Make an exact copy of the records that follow, with each picture omitted.

-------------------------

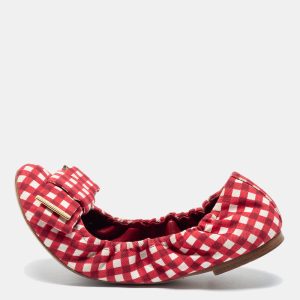 Louis Vuitton Red/White Fabric Scrunch Bow Ballet Flats Size 37.5, Flats - Luxury Closet catalog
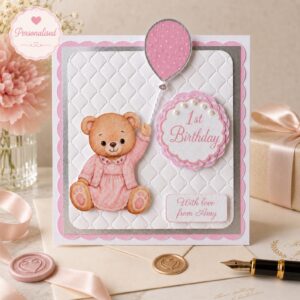 Personalised pink first birthday card for baby girl with handmade teddy bear design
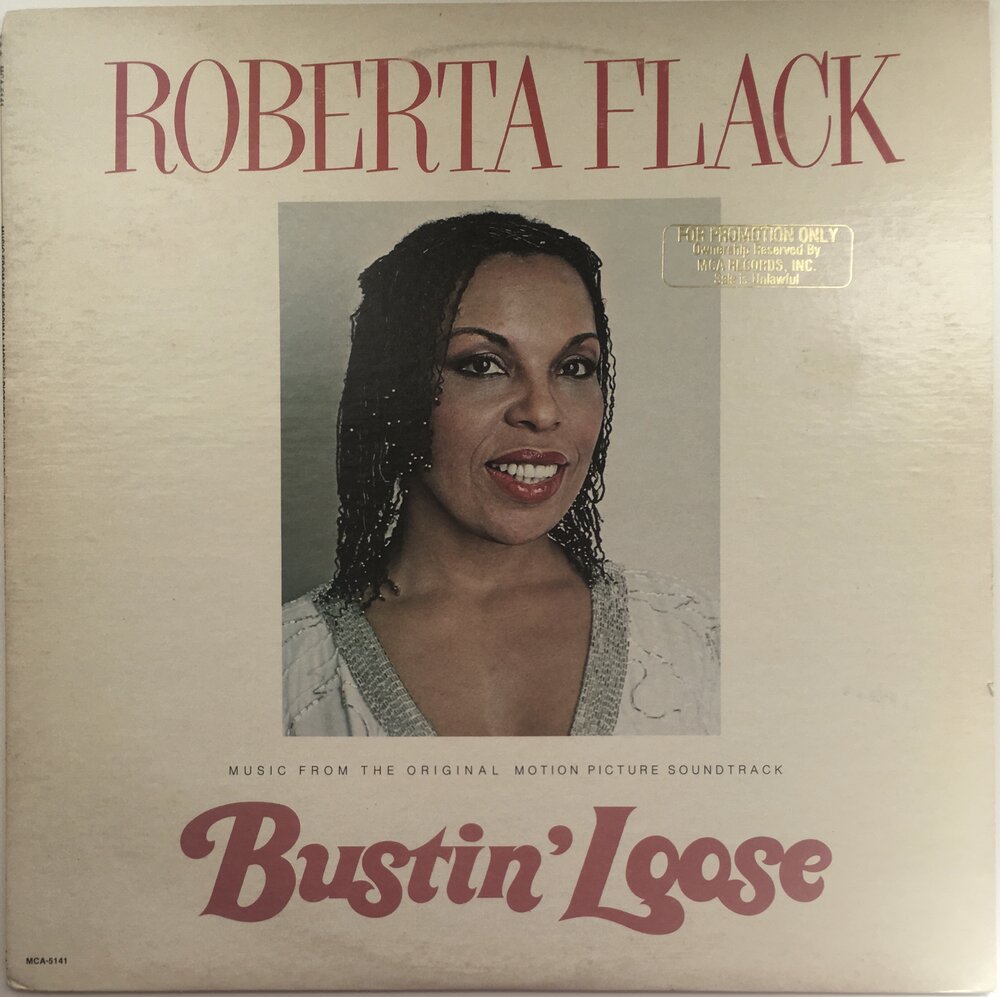 Roberta Flack, "Bustin Loose" Promo LP (1981). Front cover image. Promo movie soundtrack, 80's, soul, funk.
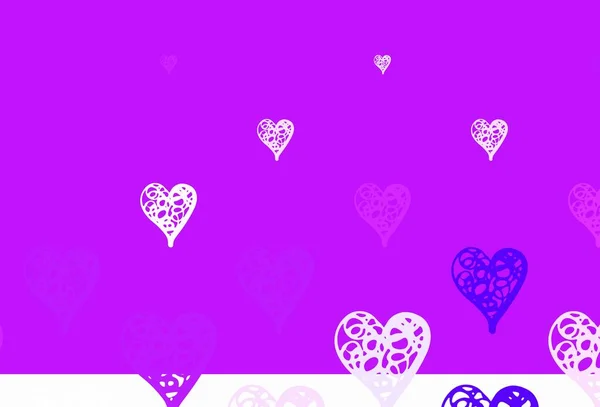 Светло Фиолетовый Векторный Фон Сердцами Shining Декоративный Дизайн Сердечками Простом — стоковый вектор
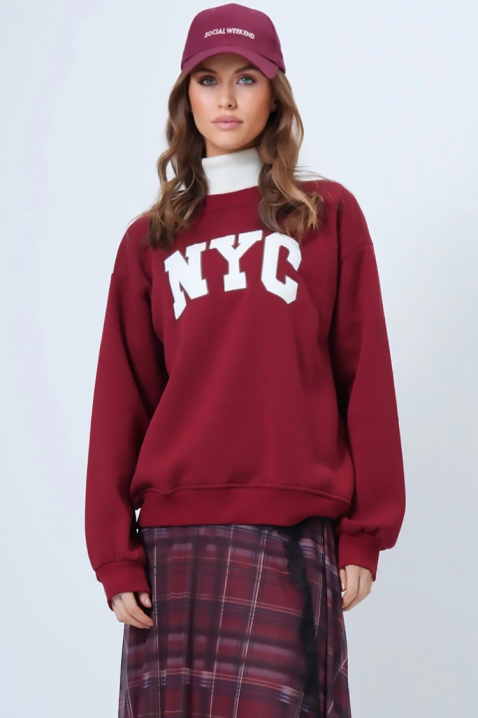 Γυναικεία μπλούζα NEVRILDA BORDO, Χρώμα: μπορντό, IVET.EU - Εκπτώσεις έως -80%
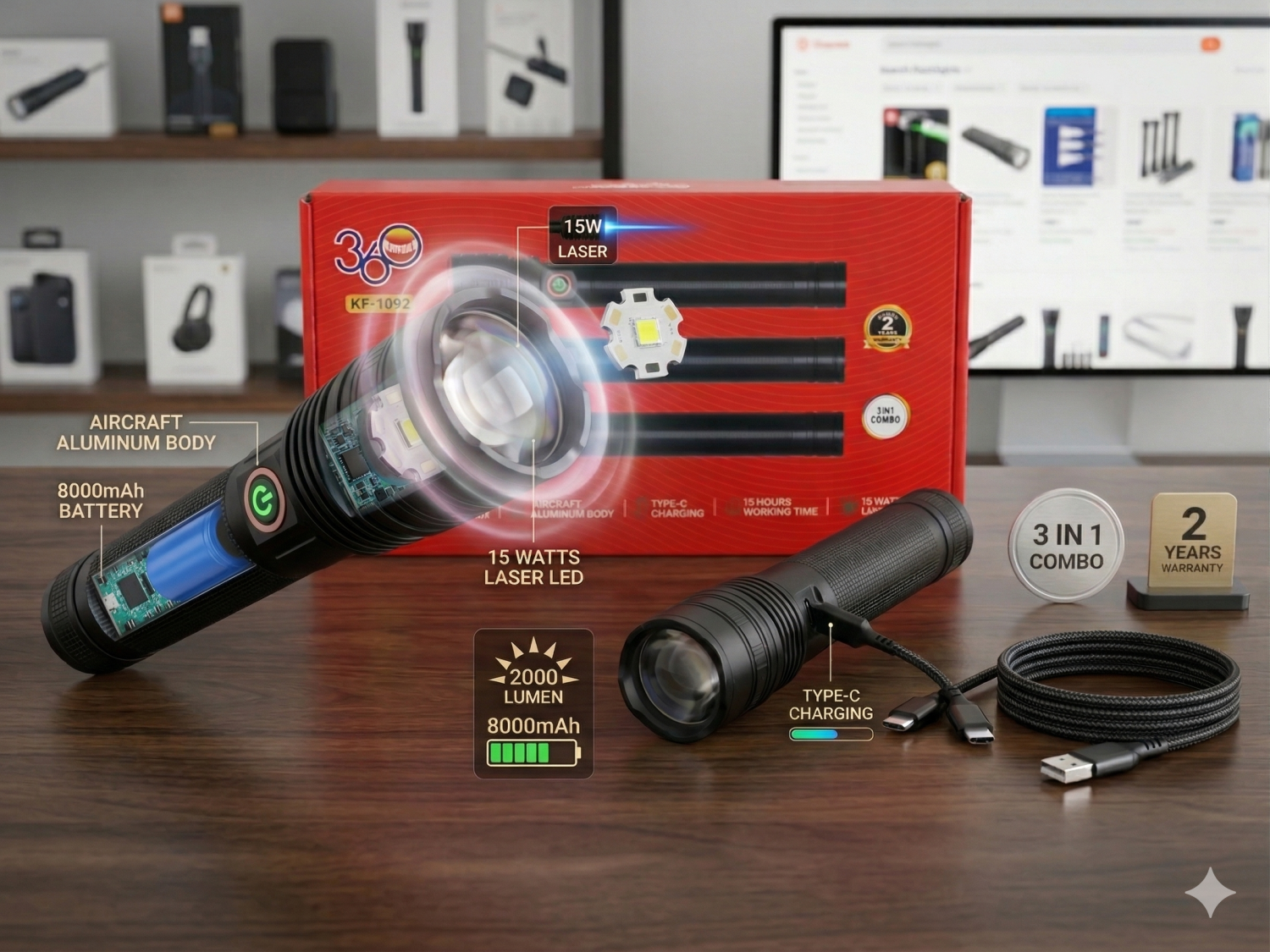 كشاف KF-1092 الاحترافي المطور (3 في 1) - قوة 2000 لومين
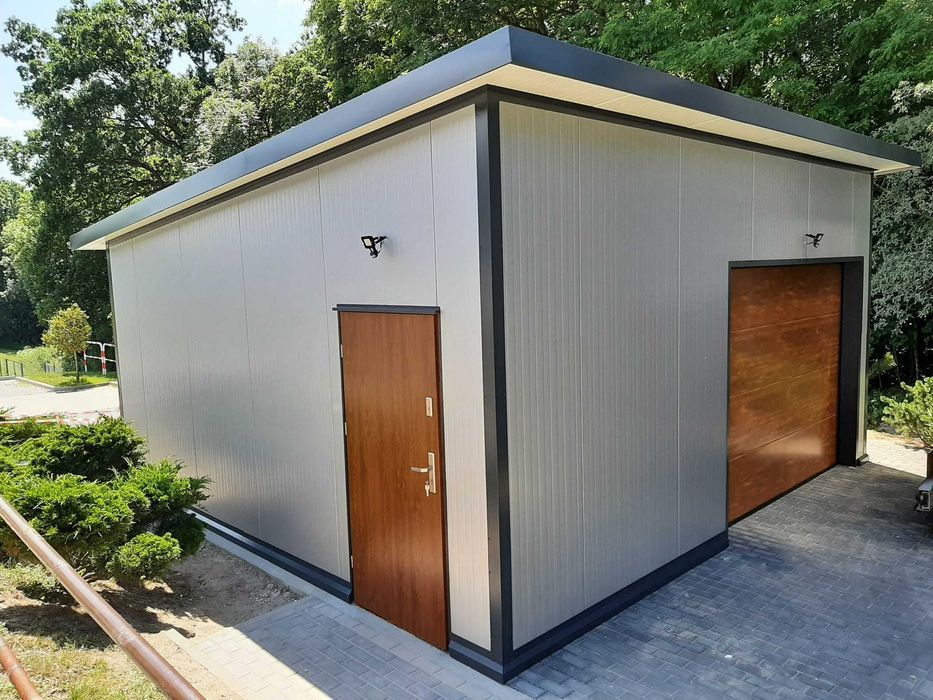 Garaż ocieplany z płyty warstwowej 5,8x 6m Olsztyn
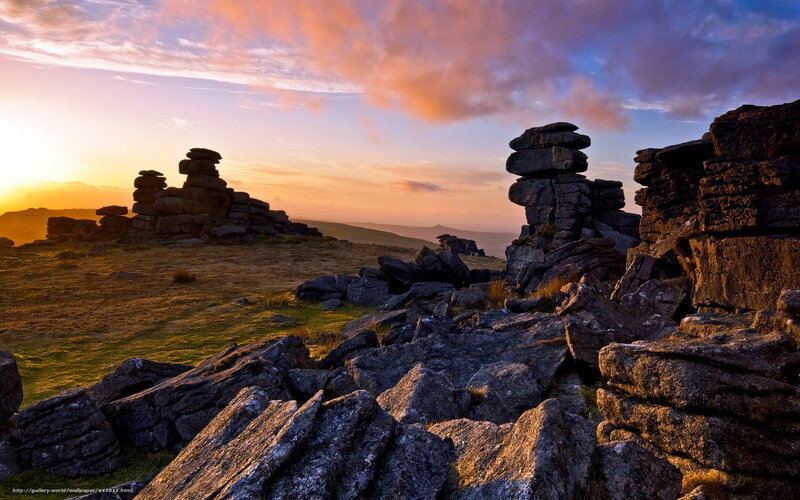 Sunset over rocky formations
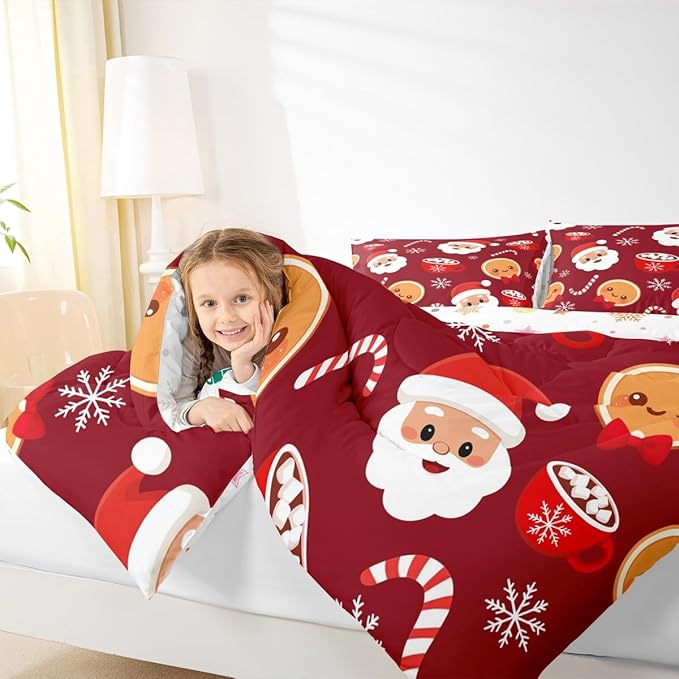 Feelyou Merry Christmas Comforter Set Toddler Size Santa Claus Bedding Set for Kids Boys Girls Gingerbread Man Duvet Quilt Snowflake Bedroom Decor Microfiber 2 Pcs with 1 Pillow Cases
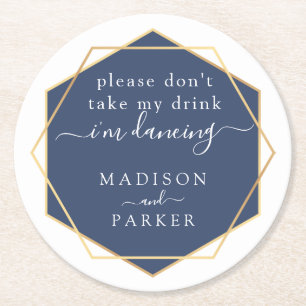 Bitte trinken Sie nicht.   Blaue Farbe Runder Pappuntersetzer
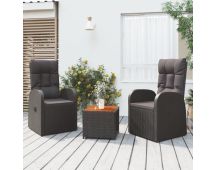 vidaXL 3 Piece Garden Lounge Set Black Poly Rattan&Solid Wood Acacia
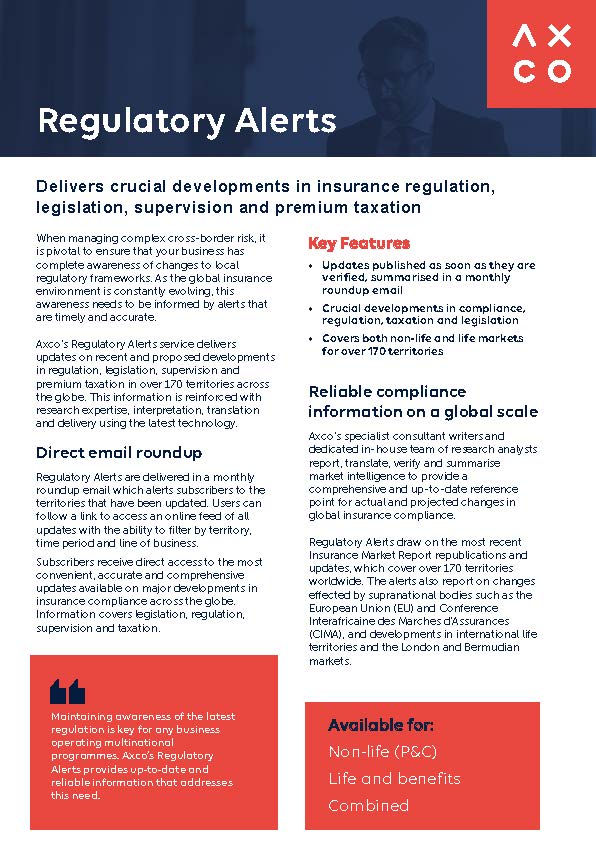 Axco Regulatory Alerts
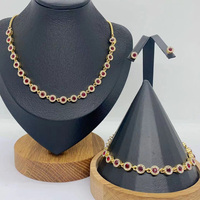 Ensemble de bijoux tendance en acier inoxydable plaqué or 18 carats avec zircon rond, collier, bracelet et boucles d'oreilles pour femme - Cadeau pour fête
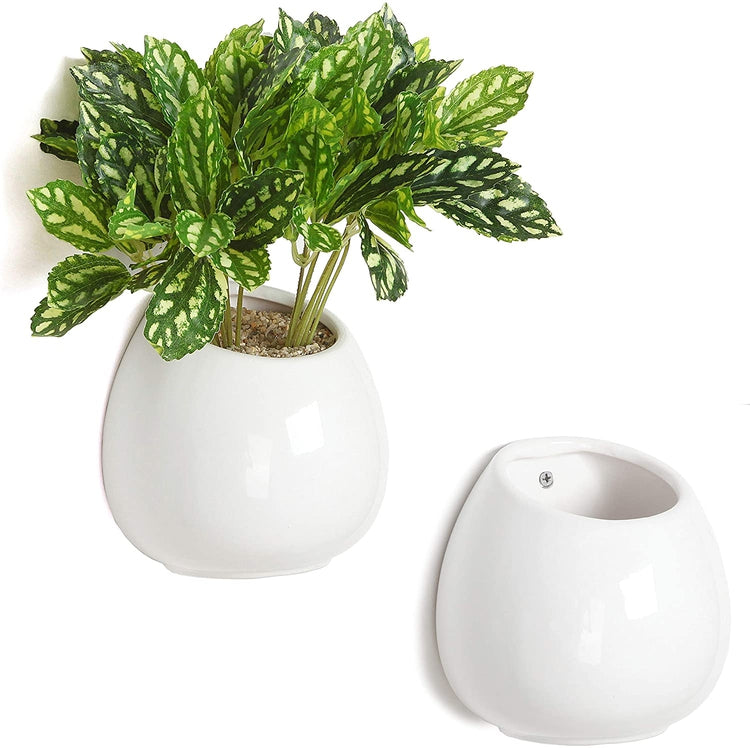 Set of 2, 6-inch White Ceramic Wall-Mounted Succulent Planters-MyGift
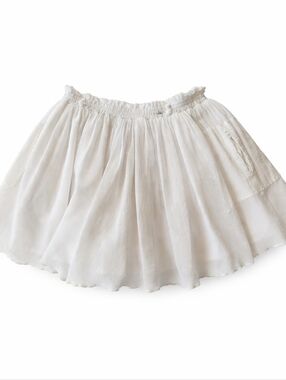 Mango Kids White Cotton Skirt Elastic Waist Pockets Size 12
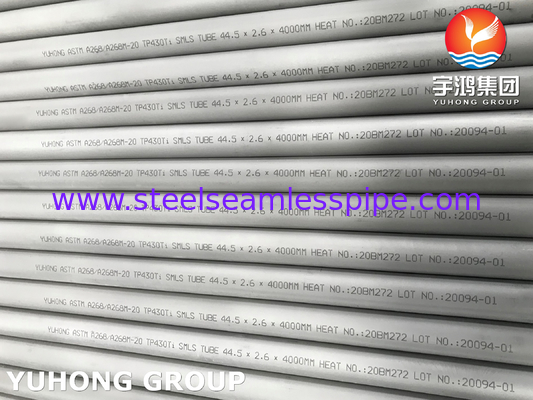 ASTM A268 TP430Ti หลอดไร้รอยเหล็กไร้สแตนเลส Ferritic Martensitic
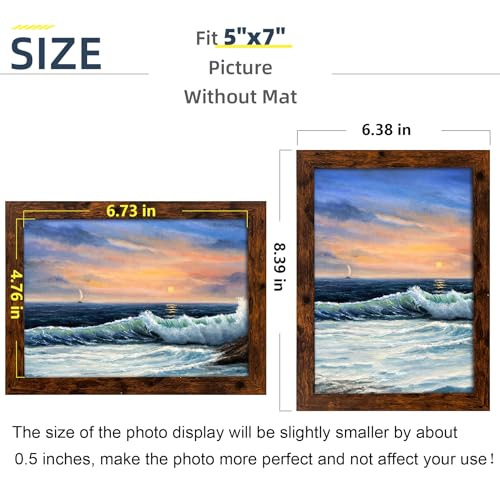 Image of LUCKYLIFE 5x7 Picture Frame Dark Brown for Wall Mounting or Tabletop Display, 2 Pack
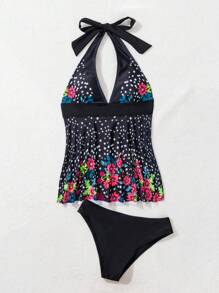 SHEIN Swim Đồ bơi Tankini hở lưng in họa tiết hoa bãi biển mùa hè - màu đen - Xem 3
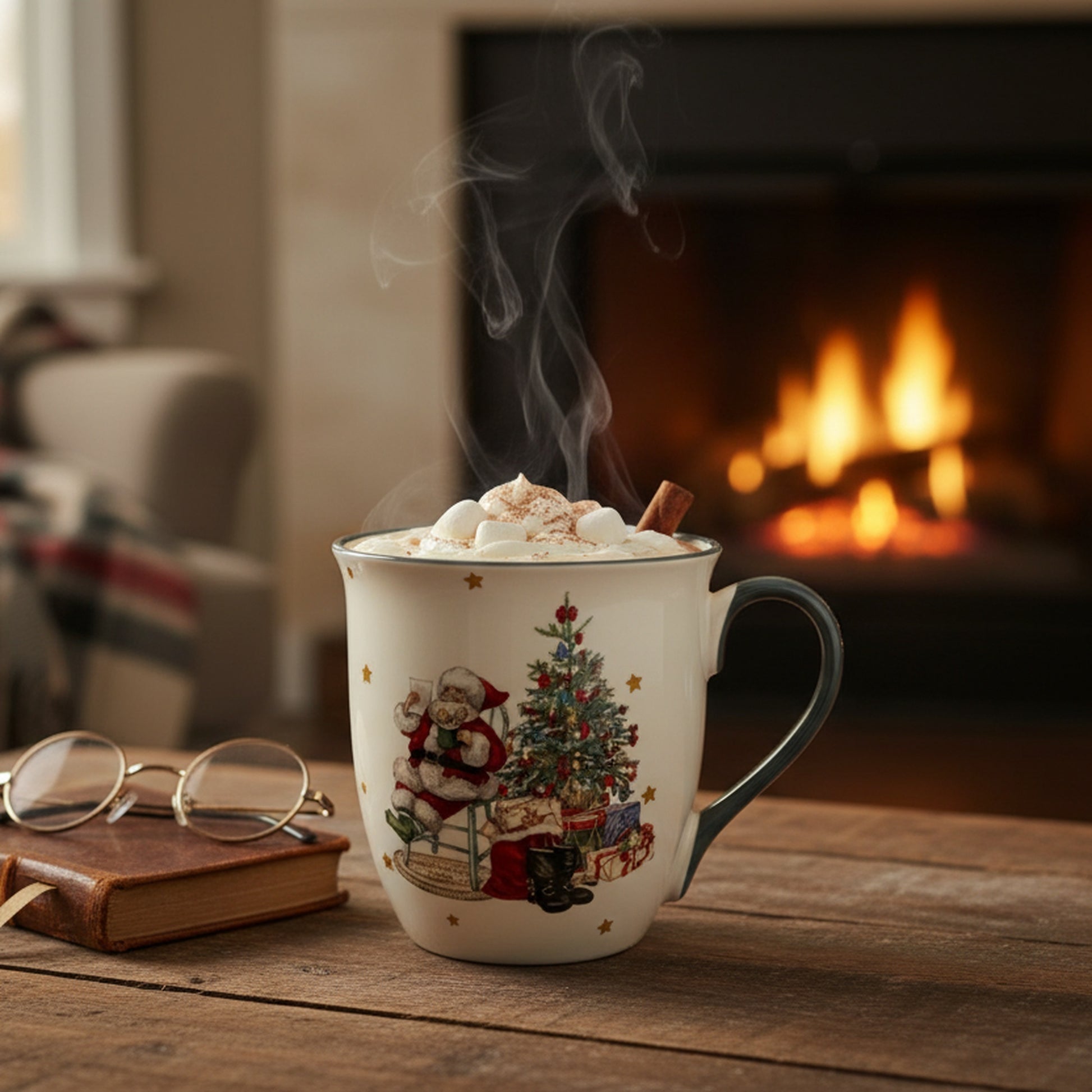 17.5oz Ceramic Mug Santa, Christmas, Coffee Mug, Holiday Decor- Set of 2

-------------------------

WRITTEN RESPONSE
 Louis Vuitton Red/White Fabric Scrunch Bow Ballet Flats Size 37.5, Flats - Luxury Closet catalog
 Personalised pink first birthday card for baby girl with handmade teddy bear design
 Roberta Flack, "Bustin Loose" Promo LP (1981). Front cover image. Promo movie soundtrack, 80's, soul, funk.
 Светло Фиолетовый Векторный Фон Сердцами Shining Декоративный Дизайн Сердечками Простом — стоковый вектор
 Γυναικεία μπλούζα NEVRILDA BORDO, Χρώμα: μπορντό, IVET.EU - Εκπτώσεις έως -80%
 كشاف KF-1092 الاحترافي المطور (3 في 1) - قوة 2000 لومين
 Garaż ocieplany z płyty warstwowej 5,8x 6m Olsztyn
 Sunset over rocky formations
 Feelyou Merry Christmas Comforter Set Toddler Size Santa Claus Bedding Set for Kids Boys Girls Gingerbread Man Duvet Quilt Snowflake Bedroom Decor Microfiber 2 Pcs with 1 Pillow Cases
 Bitte trinken Sie nicht.   Blaue Farbe Runder Pappuntersetzer
 vidaXL 3 Piece Garden Lounge Set Black Poly Rattan&Solid Wood Acacia
 Axco Regulatory Alerts
 Ensemble de bijoux tendance en acier inoxydable plaqué or 18 carats avec zircon rond, collier, bracelet et boucles d'oreilles pour femme - Cadeau pour fête
 Set of 2, 6-inch White Ceramic Wall-Mounted Succulent Planters-MyGift
 Mango Kids White Cotton Skirt Elastic Waist Pockets Size 12
 ASTM A268 TP430Ti หลอดไร้รอยเหล็กไร้สแตนเลส Ferritic Martensitic
 Image of LUCKYLIFE 5x7 Picture Frame Dark Brown for Wall Mounting or Tabletop Display, 2 Pack
 SHEIN Swim Đồ bơi Tankini hở lưng in họa tiết hoa bãi biển mùa hè - màu đen - Xem 3
 17.5oz Ceramic Mug Santa, Christmas, Coffee Mug, Holiday Decor- Set of 2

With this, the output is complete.